China's weakening yuan, stimulus designed to ensure robust growth ahead of a crucial Communist Party Congress next year, and rebounding commodity prices are pushing up factory prices. Having turned positive in September for the first time in more than four years, producer prices rose 1.2 per cent in October from a year earlier. That will almost double to 2.3 per cent in November, according to analysts surveyed ahead of data due Friday.
The pace is seen quickening even more next year: JPMorgan Chase & Co. estimates factory inflation will rise to as high as 4 per cent in the first quarter while Commonwealth Bank of Australia sees it peaking at 6 per cent in the third quarter of 2017.
Such increases would ripple through China's vast supply chain across Asia, and to consumer markets from New York to New Zealand. The price turnaround coincides with a recent spike in oil prices and rising expectations for global reflation as U.S. President-elect Donald Trump prepares to boost fiscal and infrastructure spending.
"China may quickly fuel upward global price movements once the country's manufacturers begin passing on their own rising costs, which should happen quite quickly in 2017," said Andrew Polk, Beijing-based head of China research at Medley Global Advisors, which advises hedge funds and other institutional investors.
Squeezed between surging wages, rising input costs and tepid demand, China's exporters aim to pass more of the pain to buyers next year, according to makers of everything from clocks to hot tubs interviewed at the Canton Fair in October.
The reflation road ahead though isn't without potential potholes. Exports remain in a funk for now despite support from yuan depreciation against the dollar, the currency in which most shipments are priced. Drags on rising factory prices include excess capacity in industries from steel to cement.
Policy makers also are intensifying measures to rein in excessive home prices and selectively tightening liquidity to curb financial risks after debt surged to almost 250 percent of gross domestic product.
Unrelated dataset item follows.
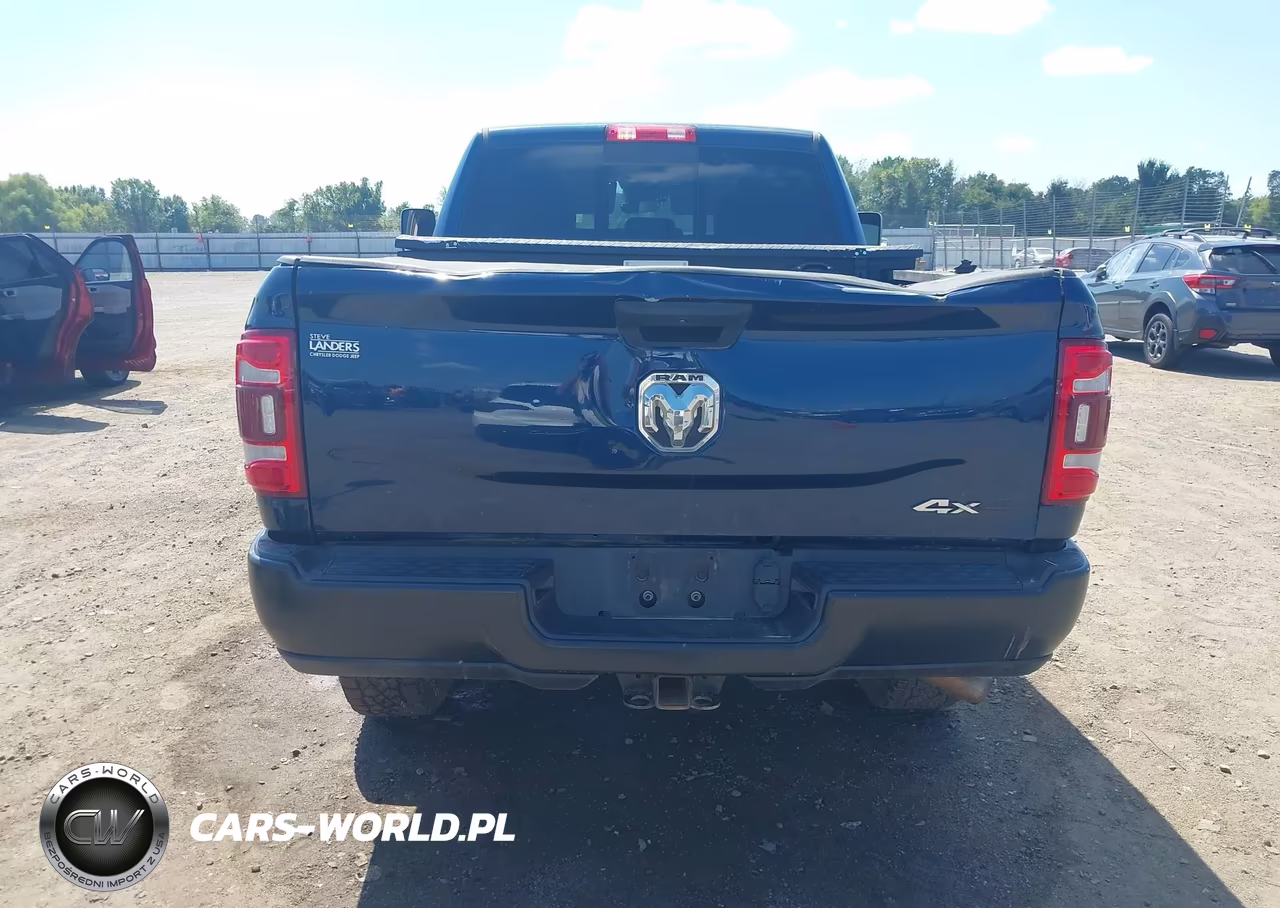 2020 Ram 2500 Tradesman 4X4 6'4 Box VIN:3C6UR5CJ8LG230837 - 16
"China's unfinished economic agenda is almost all deflationary," said David Loevinger, a former China specialist at the U.S. Treasury who is now an analyst at fund manager TCW Group Inc. in Los Angeles. "As China reflates this will be the anchor that keeps inflation from going too high."
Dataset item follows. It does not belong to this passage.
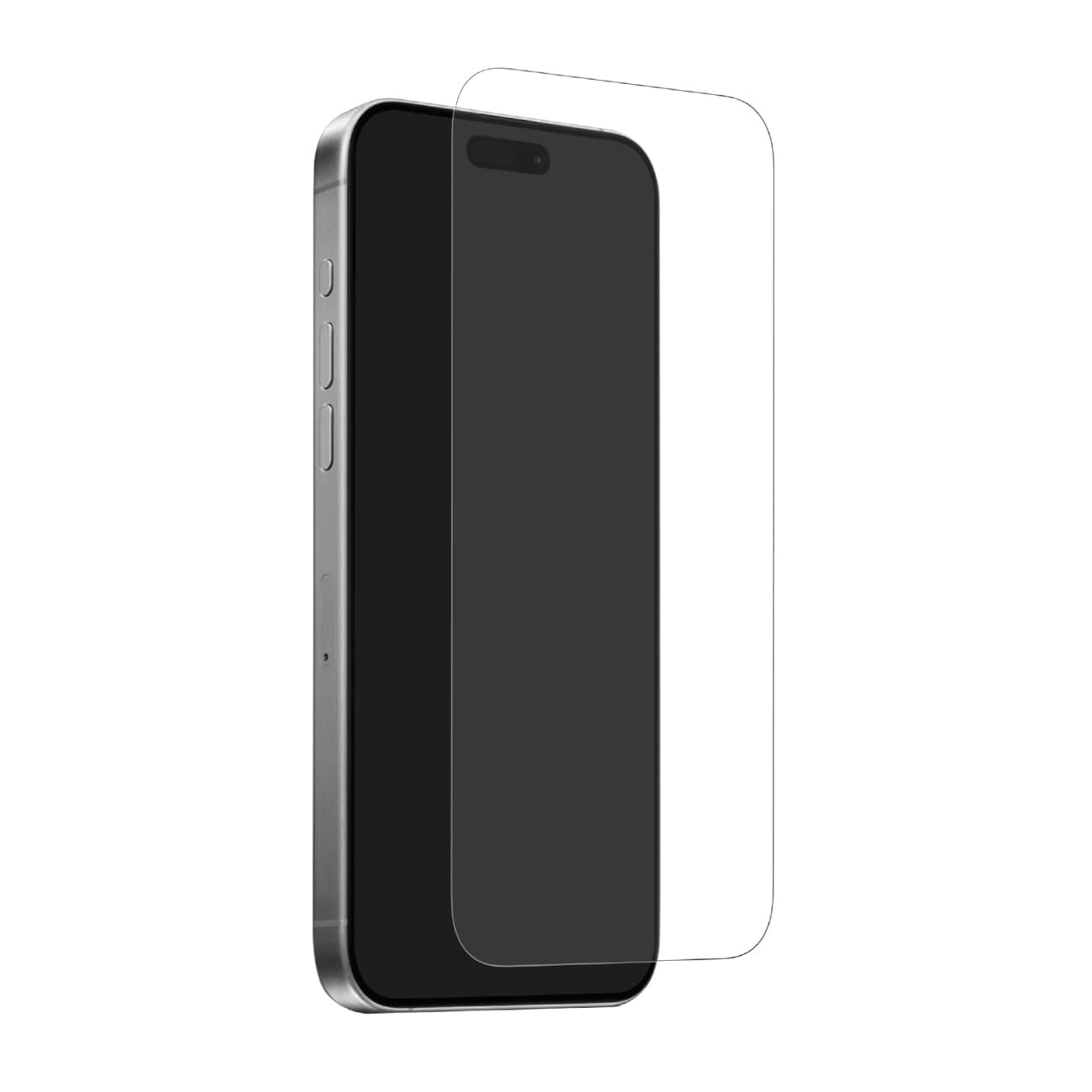 Puro Standard herdet glass for iPhone 17 Air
Though Citigroup sees global inflation rising to 2.8 per cent next year from an estimated 2.2 per cent in 2016, there's also potential turbulence for that trajectory. Risks include tightening financial conditions as the dollar and U.S. interest rates rise, greater international tensions including possible trade wars, and the risk that populist, anti-globalization political parties gain power or influence policies in countries including France and Italy, economists led by Willem Buiter wrote in a recent note.
Commonwealth Bank of Australia's China and Asia economist Li Wei in Sydney still sees China's producer prices leaping to 6 percent by the third quarter next year. Underpinning the estimate are further increases in commodity prices, an improving external environment and Beijing's determination to maintain growth of at least 6.5 per cent through next year because of the 19th Party Congress of the ruling Communist Party and a leadership reshuffle that's likely to be unveiled early in 2018.
"We know that stimulus isn't going away, at least over next year," said Li, who estimates growth of 6.8 percent next year. "We can expect policy makers to try to maintain stable growth all the way through to the government reshuffle."
Calibrating stimulus to maintain employment while avoiding excessive inflation in goods and services or assets "will keep policy makers busy in the coming year," Andrew Tilton, chief Asia-Pacific economist at Goldman Sachs Group Inc. in Hong Kong, wrote in a recent note. "Fiscal/credit stimulus and the ongoing depreciation have shifted domestic price pressures to the upside" and policy will quickly pivot to stimulus should growth sag during the leadership transition.
Those likely to feel the biggest lift from rising producer prices in China would be the country's top five markets: the U.S., Hong Kong, Japan, South Korea and Mexico. When China inflates, the rest of Asia gets dragged along, says Loevinger.
"China has started to export inflation rather than deflation," said Shen Jianguang, chief Asia economist at Mizuho Securities Asia Ltd. in Hong Kong. It will do so through exports, "and increasing overseas prices will in turn affect costs for Chinese companies."